Email “Hack” Tells University Students & Staff That U.S. President Vote Is “Tomorrow”

Here’s another email incident example to add to your files…

Computerworld reported yesterday that 35,000 folks on the George Mason University (GMU) email system received a hoax email on November 3rd telling them that the U.S. presidential election had been postponed to November 5th. And, oh by the way, the email came from the university provost’s office. Well, it DID come from his email account!

“The e-mail was sent by an unknown hacker who managed to gain access to a university list server using the provost’s user credentials.”

User credentials means the email account ID and the password.

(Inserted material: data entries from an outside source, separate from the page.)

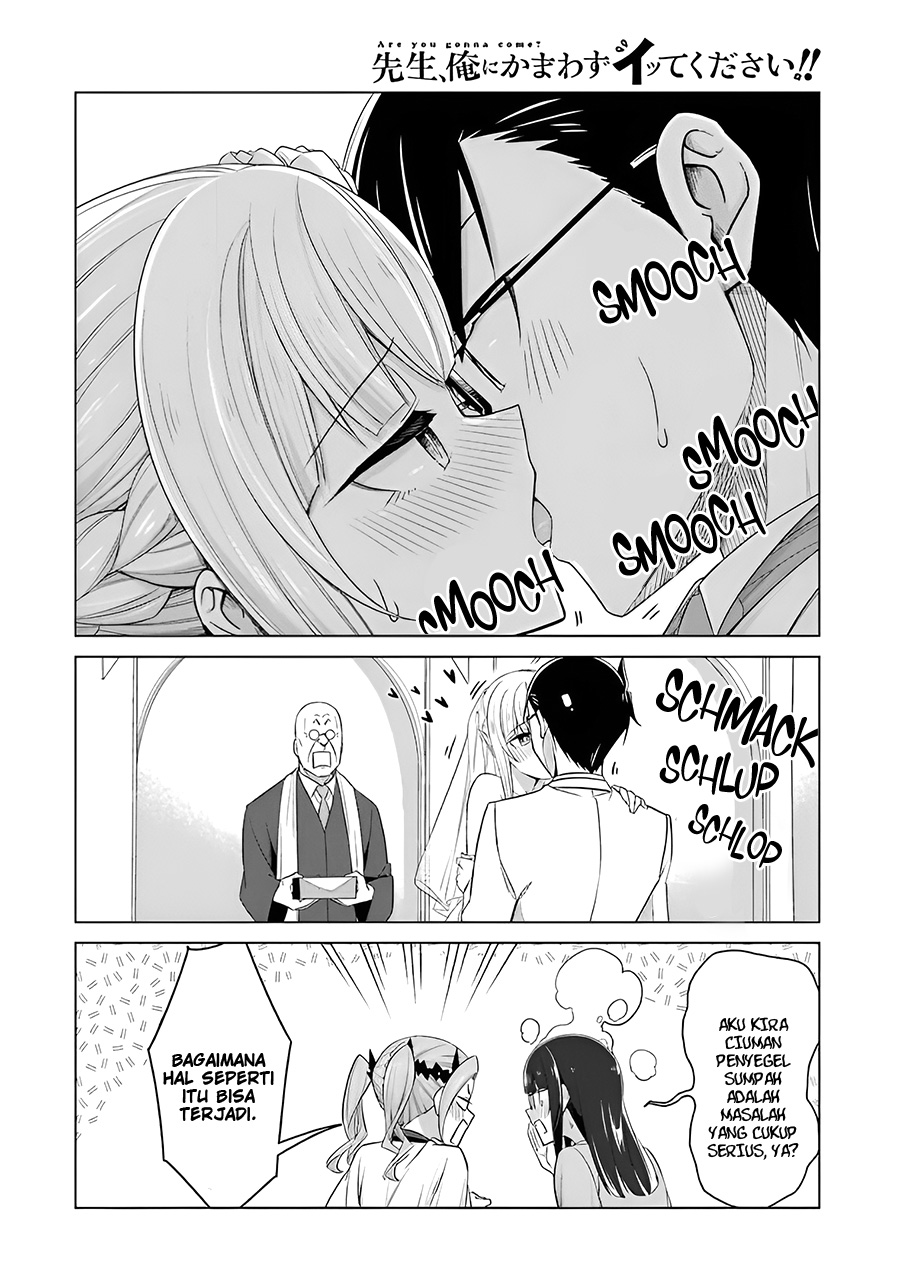 Drawing While Masturbating Chapter 53 - halaman 11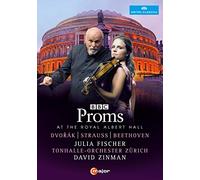 Julia Fischer – BBC Proms 2014 – DVD – C Major Entertainment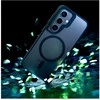 Dėklas 3mk Satin Armor MagCase, skirtas Samsung Galaxy S26 - permatomas Juodas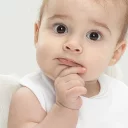 🤔 emoji Cute Baby's @StikeryTG Telegram sticker 9 of 40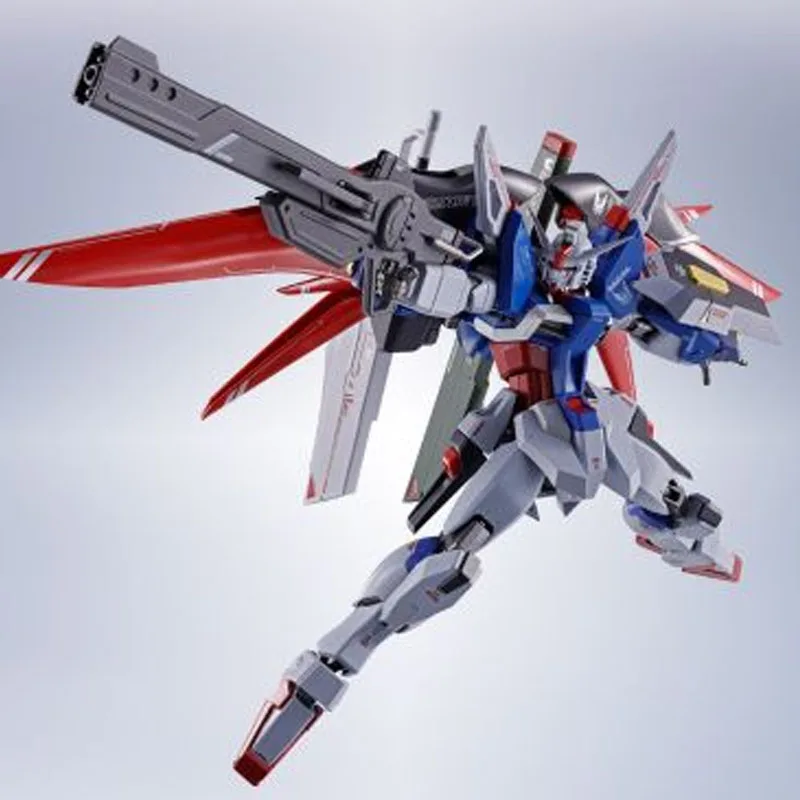 Bandai – figurine de dessin animé authentique THE ROBOT SPIRITS ZGMF/A-42S2 Destiny Gundam Spec II 140mm, jouets d'action pour garçons, cadeau pour enfants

“It didn’t appear as though the person who sent the hoax e-mail had hacked into the system. Instead, the perpetrator appears to have used the provost’s credentials to gain access to it and send out the e-mail”

So, how did this happen?

  • Was it an insider who had obtained the provost’s email password because of poor security practices by the provost?
  • Was the provost’s email password easy to guess?
  • Was the provost’s computer connection “sniffed”…the keystrokes captured through any one of a number of widely available malicious code that can be loaded onto a computer, without the computer user’s knowledge, when security controls are poor or lacking?
  • Was it sent from one of the email server administrators who had authorized access to the email accounts?
  • Was it sent from someone the provost had told his email password to?

Besides looking for the “hacker” who sent the message, GMU should also do a security audit of their email systems, at a minimum, do determine where there are vulnerabilities and then fix them. Better yet, they should perform a vulnerability assessment in addition to a security program audit to determine how effective their entire security program is, identify the vulnerabilities and threats, and then mitigate the risks.